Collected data
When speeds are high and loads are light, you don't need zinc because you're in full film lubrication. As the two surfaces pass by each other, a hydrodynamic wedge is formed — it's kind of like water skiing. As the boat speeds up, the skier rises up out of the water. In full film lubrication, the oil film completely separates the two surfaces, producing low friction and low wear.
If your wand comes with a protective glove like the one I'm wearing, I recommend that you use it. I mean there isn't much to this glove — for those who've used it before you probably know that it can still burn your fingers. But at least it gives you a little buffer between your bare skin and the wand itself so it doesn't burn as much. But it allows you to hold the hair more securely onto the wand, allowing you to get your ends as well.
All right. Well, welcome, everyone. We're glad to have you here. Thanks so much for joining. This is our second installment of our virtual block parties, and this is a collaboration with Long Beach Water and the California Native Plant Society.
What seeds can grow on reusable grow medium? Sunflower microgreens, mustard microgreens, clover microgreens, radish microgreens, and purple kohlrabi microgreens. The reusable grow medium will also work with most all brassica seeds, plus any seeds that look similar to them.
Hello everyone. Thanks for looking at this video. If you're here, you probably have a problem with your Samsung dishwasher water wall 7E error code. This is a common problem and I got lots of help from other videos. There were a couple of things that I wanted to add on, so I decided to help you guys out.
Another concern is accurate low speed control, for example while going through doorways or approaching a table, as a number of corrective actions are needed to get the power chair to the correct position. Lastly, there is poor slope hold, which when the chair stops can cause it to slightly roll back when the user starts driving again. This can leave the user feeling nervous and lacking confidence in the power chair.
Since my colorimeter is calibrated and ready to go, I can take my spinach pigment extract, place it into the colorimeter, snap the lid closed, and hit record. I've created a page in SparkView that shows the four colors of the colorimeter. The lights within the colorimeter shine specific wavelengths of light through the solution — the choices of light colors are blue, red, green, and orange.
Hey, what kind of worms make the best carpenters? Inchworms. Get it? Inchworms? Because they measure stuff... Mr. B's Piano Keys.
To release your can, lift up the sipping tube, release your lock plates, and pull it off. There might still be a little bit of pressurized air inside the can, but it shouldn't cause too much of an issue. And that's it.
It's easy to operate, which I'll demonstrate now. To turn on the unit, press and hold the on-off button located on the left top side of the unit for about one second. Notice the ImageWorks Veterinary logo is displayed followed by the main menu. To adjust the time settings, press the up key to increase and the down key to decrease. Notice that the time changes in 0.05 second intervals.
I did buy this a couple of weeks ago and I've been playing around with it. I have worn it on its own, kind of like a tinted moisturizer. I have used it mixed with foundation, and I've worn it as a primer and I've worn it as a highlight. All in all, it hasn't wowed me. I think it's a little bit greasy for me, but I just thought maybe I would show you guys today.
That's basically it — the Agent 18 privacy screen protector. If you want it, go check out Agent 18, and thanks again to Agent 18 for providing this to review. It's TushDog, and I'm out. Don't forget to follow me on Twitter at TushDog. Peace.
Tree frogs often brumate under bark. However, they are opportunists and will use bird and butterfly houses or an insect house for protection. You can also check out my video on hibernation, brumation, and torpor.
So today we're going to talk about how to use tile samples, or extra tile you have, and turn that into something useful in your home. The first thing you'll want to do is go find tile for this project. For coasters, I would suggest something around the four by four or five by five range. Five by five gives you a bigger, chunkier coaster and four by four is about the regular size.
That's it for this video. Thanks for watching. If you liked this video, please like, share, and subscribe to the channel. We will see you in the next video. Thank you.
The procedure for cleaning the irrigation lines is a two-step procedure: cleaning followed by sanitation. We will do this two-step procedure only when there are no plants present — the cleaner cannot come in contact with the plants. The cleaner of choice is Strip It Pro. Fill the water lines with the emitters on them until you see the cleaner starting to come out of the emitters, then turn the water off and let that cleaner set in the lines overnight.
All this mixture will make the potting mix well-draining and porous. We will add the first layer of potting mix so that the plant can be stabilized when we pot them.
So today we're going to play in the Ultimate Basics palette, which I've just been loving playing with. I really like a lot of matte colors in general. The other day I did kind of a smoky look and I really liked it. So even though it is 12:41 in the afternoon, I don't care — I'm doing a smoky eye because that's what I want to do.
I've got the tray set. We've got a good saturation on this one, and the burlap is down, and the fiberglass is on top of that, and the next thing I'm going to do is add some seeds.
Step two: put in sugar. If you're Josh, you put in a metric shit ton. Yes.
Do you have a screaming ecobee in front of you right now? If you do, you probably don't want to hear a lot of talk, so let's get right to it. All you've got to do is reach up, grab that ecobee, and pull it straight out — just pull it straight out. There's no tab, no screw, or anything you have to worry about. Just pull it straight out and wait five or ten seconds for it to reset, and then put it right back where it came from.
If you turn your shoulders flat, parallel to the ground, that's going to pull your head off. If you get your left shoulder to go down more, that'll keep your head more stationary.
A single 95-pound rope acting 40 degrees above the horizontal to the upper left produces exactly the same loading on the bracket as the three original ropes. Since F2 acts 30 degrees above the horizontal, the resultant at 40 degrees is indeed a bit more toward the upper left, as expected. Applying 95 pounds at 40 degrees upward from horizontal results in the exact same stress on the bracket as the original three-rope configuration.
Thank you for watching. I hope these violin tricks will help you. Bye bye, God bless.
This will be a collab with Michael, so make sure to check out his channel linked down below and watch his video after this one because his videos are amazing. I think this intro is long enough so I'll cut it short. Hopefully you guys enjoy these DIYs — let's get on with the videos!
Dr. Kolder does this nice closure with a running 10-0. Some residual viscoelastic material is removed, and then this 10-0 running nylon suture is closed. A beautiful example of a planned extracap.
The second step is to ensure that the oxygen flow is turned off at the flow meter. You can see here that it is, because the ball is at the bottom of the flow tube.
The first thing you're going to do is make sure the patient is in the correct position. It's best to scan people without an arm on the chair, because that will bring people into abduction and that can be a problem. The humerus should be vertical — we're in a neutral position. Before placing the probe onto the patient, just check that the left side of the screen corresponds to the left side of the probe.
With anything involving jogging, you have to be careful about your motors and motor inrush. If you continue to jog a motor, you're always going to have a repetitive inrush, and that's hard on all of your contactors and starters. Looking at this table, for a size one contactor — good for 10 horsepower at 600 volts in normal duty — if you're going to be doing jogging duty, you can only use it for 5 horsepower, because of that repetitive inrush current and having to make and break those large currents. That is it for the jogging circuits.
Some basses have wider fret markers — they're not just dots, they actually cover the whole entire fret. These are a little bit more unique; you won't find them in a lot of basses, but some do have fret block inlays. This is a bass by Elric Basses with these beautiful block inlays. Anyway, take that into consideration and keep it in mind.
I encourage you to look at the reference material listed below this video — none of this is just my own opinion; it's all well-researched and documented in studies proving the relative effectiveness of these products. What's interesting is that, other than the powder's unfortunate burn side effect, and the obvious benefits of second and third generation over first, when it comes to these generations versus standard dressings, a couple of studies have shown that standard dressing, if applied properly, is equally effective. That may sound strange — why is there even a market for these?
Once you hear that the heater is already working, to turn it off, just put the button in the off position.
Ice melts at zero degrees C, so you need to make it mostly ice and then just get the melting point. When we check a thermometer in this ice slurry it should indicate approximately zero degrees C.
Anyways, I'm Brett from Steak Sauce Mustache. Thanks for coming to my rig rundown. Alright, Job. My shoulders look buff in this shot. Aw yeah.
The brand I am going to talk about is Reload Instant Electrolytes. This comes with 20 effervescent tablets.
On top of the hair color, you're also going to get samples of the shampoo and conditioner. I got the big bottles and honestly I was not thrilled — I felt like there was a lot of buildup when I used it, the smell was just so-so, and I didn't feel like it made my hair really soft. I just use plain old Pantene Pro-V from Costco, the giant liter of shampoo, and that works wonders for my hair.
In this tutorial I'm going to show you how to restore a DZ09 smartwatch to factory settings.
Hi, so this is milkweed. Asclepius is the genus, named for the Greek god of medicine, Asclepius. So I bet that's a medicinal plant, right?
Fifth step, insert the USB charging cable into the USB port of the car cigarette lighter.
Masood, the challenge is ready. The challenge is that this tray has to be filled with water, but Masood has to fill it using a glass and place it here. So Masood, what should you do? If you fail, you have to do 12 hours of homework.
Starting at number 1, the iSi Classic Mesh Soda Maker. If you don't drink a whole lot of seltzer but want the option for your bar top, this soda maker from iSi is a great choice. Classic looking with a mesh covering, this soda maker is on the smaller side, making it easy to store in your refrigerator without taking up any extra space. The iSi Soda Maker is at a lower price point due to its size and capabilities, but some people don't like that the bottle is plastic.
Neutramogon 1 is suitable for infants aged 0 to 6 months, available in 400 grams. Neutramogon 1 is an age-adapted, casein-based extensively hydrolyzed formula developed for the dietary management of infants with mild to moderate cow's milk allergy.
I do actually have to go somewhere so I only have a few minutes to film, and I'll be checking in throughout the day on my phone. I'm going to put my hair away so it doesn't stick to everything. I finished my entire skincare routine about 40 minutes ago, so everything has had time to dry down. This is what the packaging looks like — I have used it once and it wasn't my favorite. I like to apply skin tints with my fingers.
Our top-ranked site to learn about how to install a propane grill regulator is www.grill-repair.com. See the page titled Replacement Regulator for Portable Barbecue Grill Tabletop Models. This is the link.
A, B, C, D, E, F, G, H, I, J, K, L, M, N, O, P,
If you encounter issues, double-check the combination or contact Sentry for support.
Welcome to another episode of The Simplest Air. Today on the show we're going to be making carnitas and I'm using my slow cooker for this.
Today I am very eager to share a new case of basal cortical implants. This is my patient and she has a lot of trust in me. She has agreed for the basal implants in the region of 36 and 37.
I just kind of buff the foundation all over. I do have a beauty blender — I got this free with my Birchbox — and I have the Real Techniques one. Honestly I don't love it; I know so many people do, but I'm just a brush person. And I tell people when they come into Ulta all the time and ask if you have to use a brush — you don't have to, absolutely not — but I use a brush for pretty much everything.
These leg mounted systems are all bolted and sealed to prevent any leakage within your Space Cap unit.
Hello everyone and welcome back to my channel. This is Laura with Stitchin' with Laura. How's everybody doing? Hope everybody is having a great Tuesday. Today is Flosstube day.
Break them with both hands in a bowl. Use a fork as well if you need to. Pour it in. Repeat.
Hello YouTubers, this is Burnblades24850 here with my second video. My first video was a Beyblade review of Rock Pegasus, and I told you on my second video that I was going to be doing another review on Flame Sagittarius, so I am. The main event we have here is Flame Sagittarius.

What needs to be done: Reproduce, exactly as they stand in the data above, the lines from the one that holds "Hey, what kind" to the one that holds "To release your", inclusive.

Problem solution:
Hey, what kind of worms make the best carpenters? Inchworms. Get it? Inchworms? Because they measure stuff... Mr. B's Piano Keys.
To release your can, lift up the sipping tube, release your lock plates, and pull it off. There might still be a little bit of pressurized air inside the can, but it shouldn't cause too much of an issue. And that's it.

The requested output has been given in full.